■ **Brief**: Set down all of the records exactly, leaving none out.

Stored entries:
★ ★ ★ ★ ★ ★ ★

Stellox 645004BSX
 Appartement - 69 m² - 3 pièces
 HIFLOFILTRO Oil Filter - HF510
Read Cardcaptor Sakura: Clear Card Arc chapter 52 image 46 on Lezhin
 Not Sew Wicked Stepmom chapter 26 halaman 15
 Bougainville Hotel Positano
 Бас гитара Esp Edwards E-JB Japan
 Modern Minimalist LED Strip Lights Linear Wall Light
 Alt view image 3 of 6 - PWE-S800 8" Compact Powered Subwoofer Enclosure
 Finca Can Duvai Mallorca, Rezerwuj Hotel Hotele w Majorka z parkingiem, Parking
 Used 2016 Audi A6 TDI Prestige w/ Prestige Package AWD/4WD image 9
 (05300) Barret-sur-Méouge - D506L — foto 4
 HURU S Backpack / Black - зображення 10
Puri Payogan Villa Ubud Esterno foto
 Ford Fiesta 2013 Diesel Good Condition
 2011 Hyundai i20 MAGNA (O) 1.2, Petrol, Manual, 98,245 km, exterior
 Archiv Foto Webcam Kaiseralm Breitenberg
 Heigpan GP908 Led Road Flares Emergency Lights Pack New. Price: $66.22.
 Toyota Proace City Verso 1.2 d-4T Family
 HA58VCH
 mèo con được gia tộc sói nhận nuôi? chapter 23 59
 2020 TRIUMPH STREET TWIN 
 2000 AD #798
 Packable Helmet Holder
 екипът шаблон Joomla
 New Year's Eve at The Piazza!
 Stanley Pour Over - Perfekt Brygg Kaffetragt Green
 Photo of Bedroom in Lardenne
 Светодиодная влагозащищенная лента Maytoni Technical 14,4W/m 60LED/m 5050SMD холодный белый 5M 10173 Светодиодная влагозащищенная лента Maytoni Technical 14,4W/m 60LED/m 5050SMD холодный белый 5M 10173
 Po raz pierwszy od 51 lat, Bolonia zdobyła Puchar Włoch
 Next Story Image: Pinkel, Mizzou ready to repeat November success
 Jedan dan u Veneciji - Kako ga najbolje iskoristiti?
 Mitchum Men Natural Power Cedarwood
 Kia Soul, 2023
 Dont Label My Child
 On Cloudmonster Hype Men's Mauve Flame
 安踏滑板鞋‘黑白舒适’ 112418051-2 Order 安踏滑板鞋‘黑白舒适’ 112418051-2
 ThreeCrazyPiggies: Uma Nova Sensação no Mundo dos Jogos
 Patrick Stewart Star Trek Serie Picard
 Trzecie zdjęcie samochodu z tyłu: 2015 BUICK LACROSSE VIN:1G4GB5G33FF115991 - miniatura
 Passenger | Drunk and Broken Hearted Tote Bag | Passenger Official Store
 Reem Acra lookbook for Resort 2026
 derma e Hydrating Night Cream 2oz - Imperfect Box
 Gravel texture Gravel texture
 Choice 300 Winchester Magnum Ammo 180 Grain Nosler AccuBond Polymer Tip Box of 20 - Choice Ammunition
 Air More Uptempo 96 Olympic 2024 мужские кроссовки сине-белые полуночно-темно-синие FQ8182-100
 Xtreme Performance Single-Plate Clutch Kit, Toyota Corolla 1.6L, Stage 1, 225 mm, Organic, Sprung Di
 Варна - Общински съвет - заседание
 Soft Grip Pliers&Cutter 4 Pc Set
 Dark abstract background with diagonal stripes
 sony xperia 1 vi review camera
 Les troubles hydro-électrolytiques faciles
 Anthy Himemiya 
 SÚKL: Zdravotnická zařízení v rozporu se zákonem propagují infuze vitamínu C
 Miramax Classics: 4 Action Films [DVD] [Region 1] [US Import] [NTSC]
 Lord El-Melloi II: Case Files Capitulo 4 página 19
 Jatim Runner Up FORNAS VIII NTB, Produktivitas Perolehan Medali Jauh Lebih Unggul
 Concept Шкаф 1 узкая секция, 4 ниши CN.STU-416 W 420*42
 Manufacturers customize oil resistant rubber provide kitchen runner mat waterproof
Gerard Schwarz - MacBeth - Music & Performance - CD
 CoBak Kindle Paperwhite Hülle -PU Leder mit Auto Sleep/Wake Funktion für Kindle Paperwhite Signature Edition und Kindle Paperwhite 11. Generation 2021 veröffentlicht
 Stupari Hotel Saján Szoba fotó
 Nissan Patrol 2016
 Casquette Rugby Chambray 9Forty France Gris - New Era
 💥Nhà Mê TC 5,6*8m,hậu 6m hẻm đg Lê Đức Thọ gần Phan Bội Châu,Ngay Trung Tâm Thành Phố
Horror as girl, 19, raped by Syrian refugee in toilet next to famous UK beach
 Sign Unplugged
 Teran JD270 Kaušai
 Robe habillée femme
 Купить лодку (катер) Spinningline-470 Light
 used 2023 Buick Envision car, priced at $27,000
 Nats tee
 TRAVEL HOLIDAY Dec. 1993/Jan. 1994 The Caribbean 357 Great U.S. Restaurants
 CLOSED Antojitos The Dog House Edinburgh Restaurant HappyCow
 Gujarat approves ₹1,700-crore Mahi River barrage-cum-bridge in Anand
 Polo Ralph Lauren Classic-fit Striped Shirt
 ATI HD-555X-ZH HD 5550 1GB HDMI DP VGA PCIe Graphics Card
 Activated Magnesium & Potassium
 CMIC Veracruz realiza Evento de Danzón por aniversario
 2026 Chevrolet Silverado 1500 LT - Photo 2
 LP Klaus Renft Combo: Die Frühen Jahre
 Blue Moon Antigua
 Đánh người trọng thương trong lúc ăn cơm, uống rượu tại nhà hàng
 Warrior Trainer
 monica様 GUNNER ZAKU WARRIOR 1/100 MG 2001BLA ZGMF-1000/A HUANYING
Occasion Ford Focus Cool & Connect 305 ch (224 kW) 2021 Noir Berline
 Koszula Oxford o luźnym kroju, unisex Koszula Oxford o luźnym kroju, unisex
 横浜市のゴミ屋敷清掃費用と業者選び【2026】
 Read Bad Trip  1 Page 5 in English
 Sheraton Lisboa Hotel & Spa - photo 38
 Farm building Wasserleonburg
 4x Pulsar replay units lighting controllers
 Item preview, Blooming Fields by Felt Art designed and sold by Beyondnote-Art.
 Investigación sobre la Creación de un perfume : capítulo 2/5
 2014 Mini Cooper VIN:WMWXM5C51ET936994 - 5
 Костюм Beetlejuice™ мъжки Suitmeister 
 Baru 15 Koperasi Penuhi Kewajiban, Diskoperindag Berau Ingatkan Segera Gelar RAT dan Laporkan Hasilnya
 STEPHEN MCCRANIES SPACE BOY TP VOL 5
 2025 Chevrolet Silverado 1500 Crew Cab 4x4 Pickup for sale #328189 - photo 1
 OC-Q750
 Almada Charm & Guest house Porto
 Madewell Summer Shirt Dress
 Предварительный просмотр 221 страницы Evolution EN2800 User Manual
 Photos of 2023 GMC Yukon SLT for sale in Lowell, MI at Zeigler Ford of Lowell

★ ★ ★ ★ ★ ★ ★

■ **Output below**:
Stellox 645004BSX
 Appartement - 69 m² - 3 pièces
 HIFLOFILTRO Oil Filter - HF510
Read Cardcaptor Sakura: Clear Card Arc chapter 52 image 46 on Lezhin
 Not Sew Wicked Stepmom chapter 26 halaman 15
 Bougainville Hotel Positano
 Бас гитара Esp Edwards E-JB Japan
 Modern Minimalist LED Strip Lights Linear Wall Light
 Alt view image 3 of 6 - PWE-S800 8" Compact Powered Subwoofer Enclosure
 Finca Can Duvai Mallorca, Rezerwuj Hotel Hotele w Majorka z parkingiem, Parking
 Used 2016 Audi A6 TDI Prestige w/ Prestige Package AWD/4WD image 9
 (05300) Barret-sur-Méouge - D506L — foto 4
 HURU S Backpack / Black - зображення 10
Puri Payogan Villa Ubud Esterno foto
 Ford Fiesta 2013 Diesel Good Condition
 2011 Hyundai i20 MAGNA (O) 1.2, Petrol, Manual, 98,245 km, exterior
 Archiv Foto Webcam Kaiseralm Breitenberg
 Heigpan GP908 Led Road Flares Emergency Lights Pack New. Price: $66.22.
 Toyota Proace City Verso 1.2 d-4T Family
 HA58VCH
 mèo con được gia tộc sói nhận nuôi? chapter 23 59
 2020 TRIUMPH STREET TWIN 
 2000 AD #798
 Packable Helmet Holder
 екипът шаблон Joomla
 New Year's Eve at The Piazza!
 Stanley Pour Over - Perfekt Brygg Kaffetragt Green
 Photo of Bedroom in Lardenne
 Светодиодная влагозащищенная лента Maytoni Technical 14,4W/m 60LED/m 5050SMD холодный белый 5M 10173 Светодиодная влагозащищенная лента Maytoni Technical 14,4W/m 60LED/m 5050SMD холодный белый 5M 10173
 Po raz pierwszy od 51 lat, Bolonia zdobyła Puchar Włoch
 Next Story Image: Pinkel, Mizzou ready to repeat November success
 Jedan dan u Veneciji - Kako ga najbolje iskoristiti?
 Mitchum Men Natural Power Cedarwood
 Kia Soul, 2023
 Dont Label My Child
 On Cloudmonster Hype Men's Mauve Flame
 安踏滑板鞋‘黑白舒适’ 112418051-2 Order 安踏滑板鞋‘黑白舒适’ 112418051-2
 ThreeCrazyPiggies: Uma Nova Sensação no Mundo dos Jogos
 Patrick Stewart Star Trek Serie Picard
 Trzecie zdjęcie samochodu z tyłu: 2015 BUICK LACROSSE VIN:1G4GB5G33FF115991 - miniatura
 Passenger | Drunk and Broken Hearted Tote Bag | Passenger Official Store
 Reem Acra lookbook for Resort 2026
 derma e Hydrating Night Cream 2oz - Imperfect Box
 Gravel texture Gravel texture
 Choice 300 Winchester Magnum Ammo 180 Grain Nosler AccuBond Polymer Tip Box of 20 - Choice Ammunition
 Air More Uptempo 96 Olympic 2024 мужские кроссовки сине-белые полуночно-темно-синие FQ8182-100
 Xtreme Performance Single-Plate Clutch Kit, Toyota Corolla 1.6L, Stage 1, 225 mm, Organic, Sprung Di
 Варна - Общински съвет - заседание
 Soft Grip Pliers&Cutter 4 Pc Set
 Dark abstract background with diagonal stripes
 sony xperia 1 vi review camera
 Les troubles hydro-électrolytiques faciles
 Anthy Himemiya 
 SÚKL: Zdravotnická zařízení v rozporu se zákonem propagují infuze vitamínu C
 Miramax Classics: 4 Action Films [DVD] [Region 1] [US Import] [NTSC]
 Lord El-Melloi II: Case Files Capitulo 4 página 19
 Jatim Runner Up FORNAS VIII NTB, Produktivitas Perolehan Medali Jauh Lebih Unggul
 Concept Шкаф 1 узкая секция, 4 ниши CN.STU-416 W 420*42
 Manufacturers customize oil resistant rubber provide kitchen runner mat waterproof
Gerard Schwarz - MacBeth - Music & Performance - CD
 CoBak Kindle Paperwhite Hülle -PU Leder mit Auto Sleep/Wake Funktion für Kindle Paperwhite Signature Edition und Kindle Paperwhite 11. Generation 2021 veröffentlicht
 Stupari Hotel Saján Szoba fotó
 Nissan Patrol 2016
 Casquette Rugby Chambray 9Forty France Gris - New Era
 💥Nhà Mê TC 5,6*8m,hậu 6m hẻm đg Lê Đức Thọ gần Phan Bội Châu,Ngay Trung Tâm Thành Phố
Horror as girl, 19, raped by Syrian refugee in toilet next to famous UK beach
 Sign Unplugged
 Teran JD270 Kaušai
 Robe habillée femme
 Купить лодку (катер) Spinningline-470 Light
 used 2023 Buick Envision car, priced at $27,000
 Nats tee
 TRAVEL HOLIDAY Dec. 1993/Jan. 1994 The Caribbean 357 Great U.S. Restaurants
 CLOSED Antojitos The Dog House Edinburgh Restaurant HappyCow
 Gujarat approves ₹1,700-crore Mahi River barrage-cum-bridge in Anand
 Polo Ralph Lauren Classic-fit Striped Shirt
 ATI HD-555X-ZH HD 5550 1GB HDMI DP VGA PCIe Graphics Card
 Activated Magnesium & Potassium
 CMIC Veracruz realiza Evento de Danzón por aniversario
 2026 Chevrolet Silverado 1500 LT - Photo 2
 LP Klaus Renft Combo: Die Frühen Jahre
 Blue Moon Antigua
 Đánh người trọng thương trong lúc ăn cơm, uống rượu tại nhà hàng
 Warrior Trainer
 monica様 GUNNER ZAKU WARRIOR 1/100 MG 2001BLA ZGMF-1000/A HUANYING
Occasion Ford Focus Cool & Connect 305 ch (224 kW) 2021 Noir Berline
 Koszula Oxford o luźnym kroju, unisex Koszula Oxford o luźnym kroju, unisex
 横浜市のゴミ屋敷清掃費用と業者選び【2026】
 Read Bad Trip  1 Page 5 in English
 Sheraton Lisboa Hotel & Spa - photo 38
 Farm building Wasserleonburg
 4x Pulsar replay units lighting controllers
 Item preview, Blooming Fields by Felt Art designed and sold by Beyondnote-Art.
 Investigación sobre la Creación de un perfume : capítulo 2/5
 2014 Mini Cooper VIN:WMWXM5C51ET936994 - 5
 Костюм Beetlejuice™ мъжки Suitmeister 
 Baru 15 Koperasi Penuhi Kewajiban, Diskoperindag Berau Ingatkan Segera Gelar RAT dan Laporkan Hasilnya
 STEPHEN MCCRANIES SPACE BOY TP VOL 5
 2025 Chevrolet Silverado 1500 Crew Cab 4x4 Pickup for sale #328189 - photo 1
 OC-Q750
 Almada Charm & Guest house Porto
 Madewell Summer Shirt Dress
 Предварительный просмотр 221 страницы Evolution EN2800 User Manual
 Photos of 2023 GMC Yukon SLT for sale in Lowell, MI at Zeigler Ford of Lowell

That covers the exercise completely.